Vous aviez un hectare de terre de maigre valeur, couvert de cailloux, brûlé par le soleil : vous l’irriguez et il vous donne 10.000 kilogrammes de foin à 140 francs la tonne, soit 1.400 francs, alors que les frais de culture n'atteignent par 200 francs. Voilà donc de l’argent placé à 500 %[1].

Avant l’irrigation, étais-je légitime propriétaire et après, ne le suis-je plus ? Je ne suis donc légitime propriétaire qu’à la condition de mourir de faim sur ma propriété. Pour ne pas courir le risque de me la voir confisquer, je devrais donc avoir soin de la laisser en friche.

Prenons des chiffres abstraits. La thèse de M. Jaurès et des autres collectivistes illogiques arrive à faire poser les questions suivantes :

La propriété d’une unité est-elle légitime ?

Et la propriété de deux ?

Et la propriété de trois ?

Et la propriété de quatre ?

Et la propriété de cinq ?

Et la propriété de dix ?

Et la propriété de cent ?

À quel chiffre arrêtez-vous la légitimité de la propriété ? Selon le bon plaisir et l’arbitraire de qui ?

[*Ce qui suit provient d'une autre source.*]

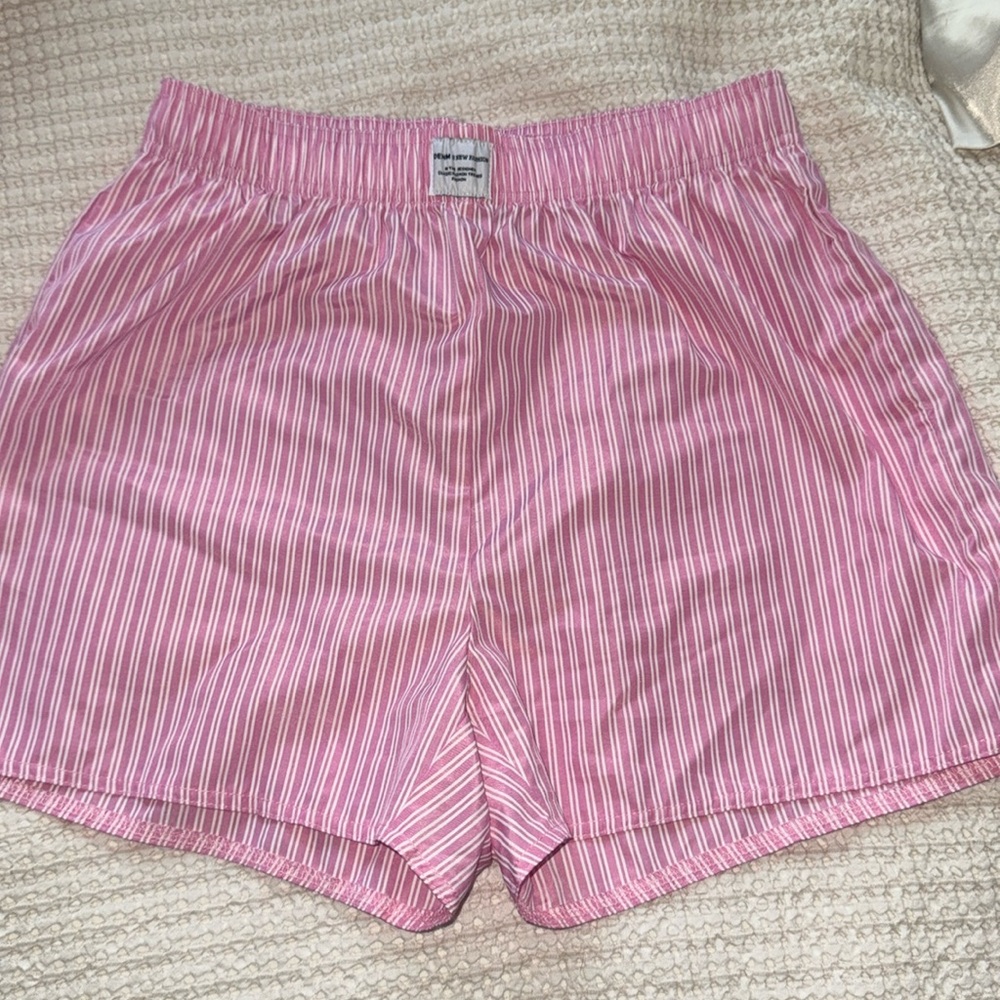 Pink & white striped boxer shorts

Mais si la propriété d’une unité constitue un acte légitime et la propriété de dix un acte illégitime, cela revient à dire qu’une action juste devient coupable parce qu’elle est répétée.

Une fois accepté le principe de la légitimité de la petite propriété, comment le repousser pour la grande ?

Oserez-vous déclarer que la richesse rend la propriété illégitime et qu’il faut être misérable pour avoir droit à la propriété ?

M. Henry Maret disait dans le Radical du 14 octobre 1893 :

Il n’y a pas de droit contre le droit, et le droit à l’existence prime le droit de propriété. La société a parfaitement le droit de déposséder ceux qui ont, pour donner à ceux qui n’ont pas.

« Le droit à l’existence » ? mais pour l’enfant, ce sont les soins et les sacrifices des parents, et s’il est orphelin, son héritage.

Comment ce droit à l’existence prime-t-il le droit à la propriété, alors qu’ils sont identiques ? L’individu ne peut vivre qu’à la condition de posséder des aliments : et cette possession de capitaux circulants est un acte de propriété.

Dans la dernière des conceptions juridiques contenues dans ces cinq lignes, M. Henry Maret, qui a la coquetterie injustifiée de se prétendre libéral, déclare que « la société », être abstrait qui ne peut agir que par des hommes en chair et en os, a le droit de prendre aux uns pour donner aux autres, le droit de dépouiller ceux-ci et d’enrichir ceux-là. Il ne supprime pas la propriété, il la déplace. Seulement, au lieu de la laisser à ceux qui l’ont acquise par le libre jeu des lois économiques, leur travail, leur habileté, leurs héritages, il l’enlève de force aux uns pour l’offrir à d’autres ; il expulse les propriétaires actuels, mais il en fait d’autres : et quelles sont les règles qui présideraient à la répartition des propriétés ainsi confisquées, et à leur conservation, leur transmission, leur démembrement ? M. Henry Maret y a-t-il pensé ?


  1. D’après M. Chambrelent. V. le Siècle du 18 novembre 1893.